Segment Start: GIVEN INFORMATION

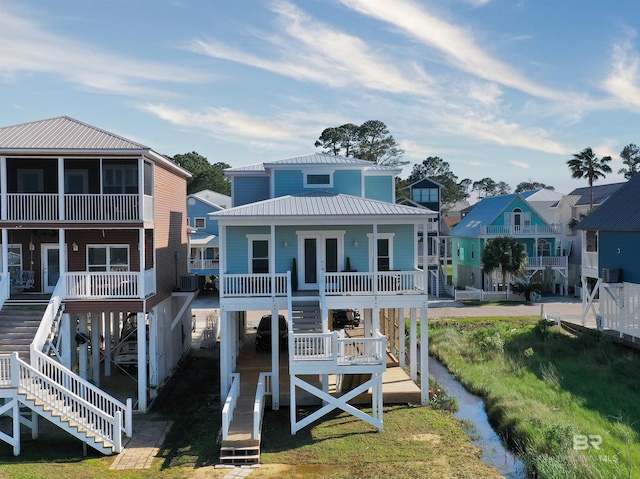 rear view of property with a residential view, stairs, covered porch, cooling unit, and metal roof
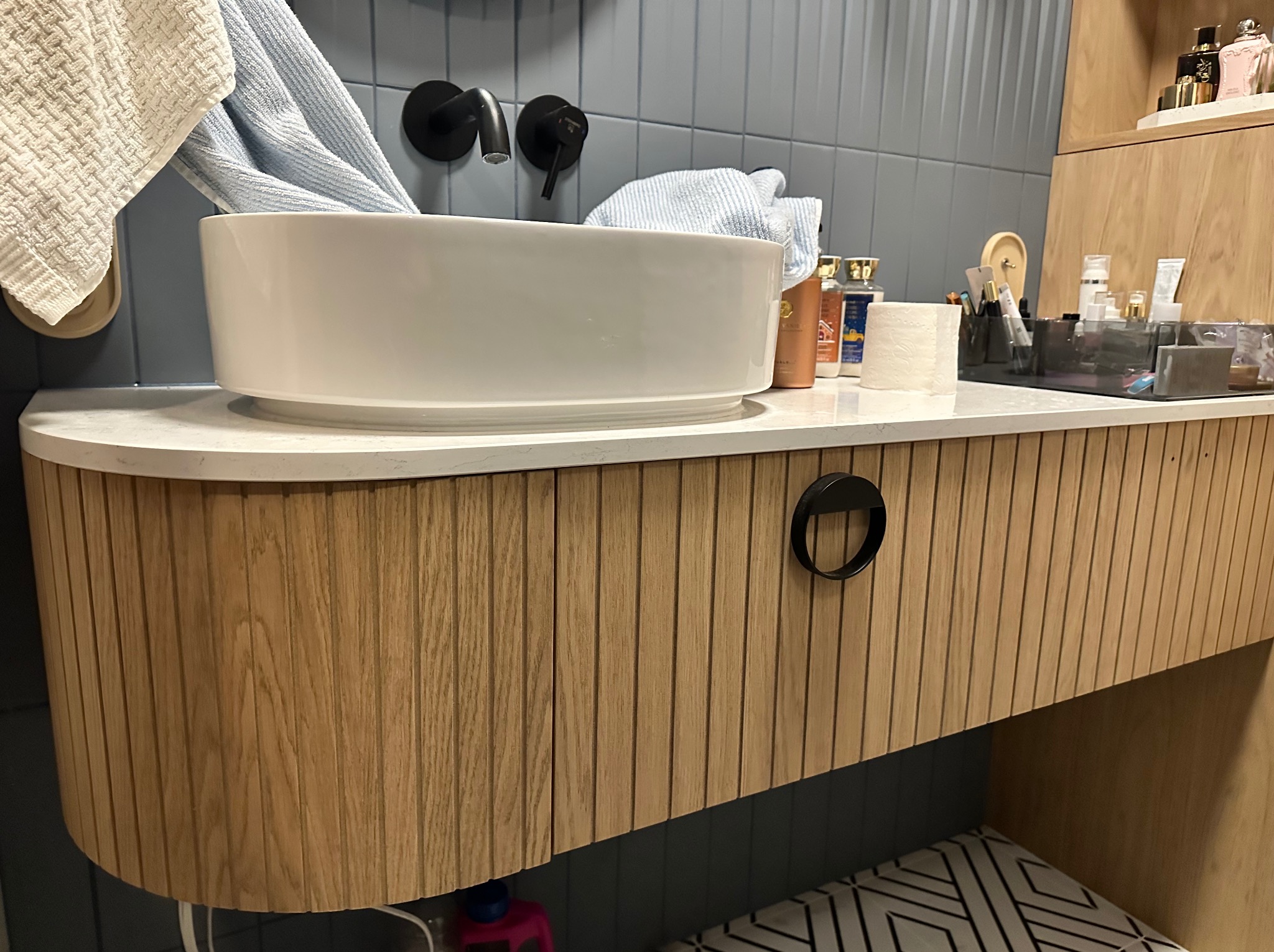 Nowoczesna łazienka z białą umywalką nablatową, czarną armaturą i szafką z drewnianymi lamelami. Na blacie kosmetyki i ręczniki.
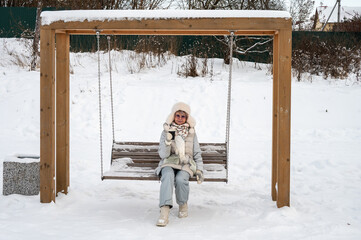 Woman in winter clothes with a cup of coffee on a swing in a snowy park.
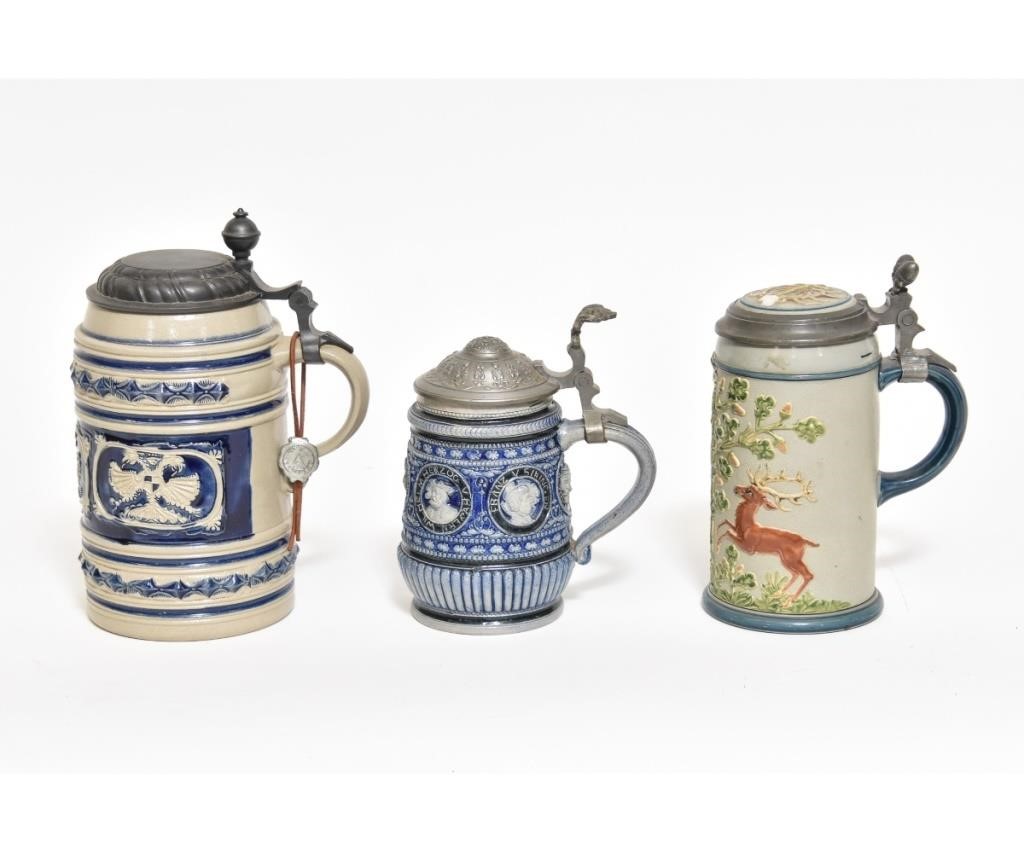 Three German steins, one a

Segment End: GIVEN INFORMATION

TASK OBJECTIVE – Beginning at the first line of the listing, print each line exactly until and including the one that has "Woman in winter"; skip pictures.

ANSWER –
 rear view of property with a residential view, stairs, covered porch, cooling unit, and metal roof
 Nowoczesna łazienka z białą umywalką nablatową, czarną armaturą i szafką z drewnianymi lamelami. Na blacie kosmetyki i ręczniki.
 Woman in winter clothes with a cup of coffee on a swing in a snowy park.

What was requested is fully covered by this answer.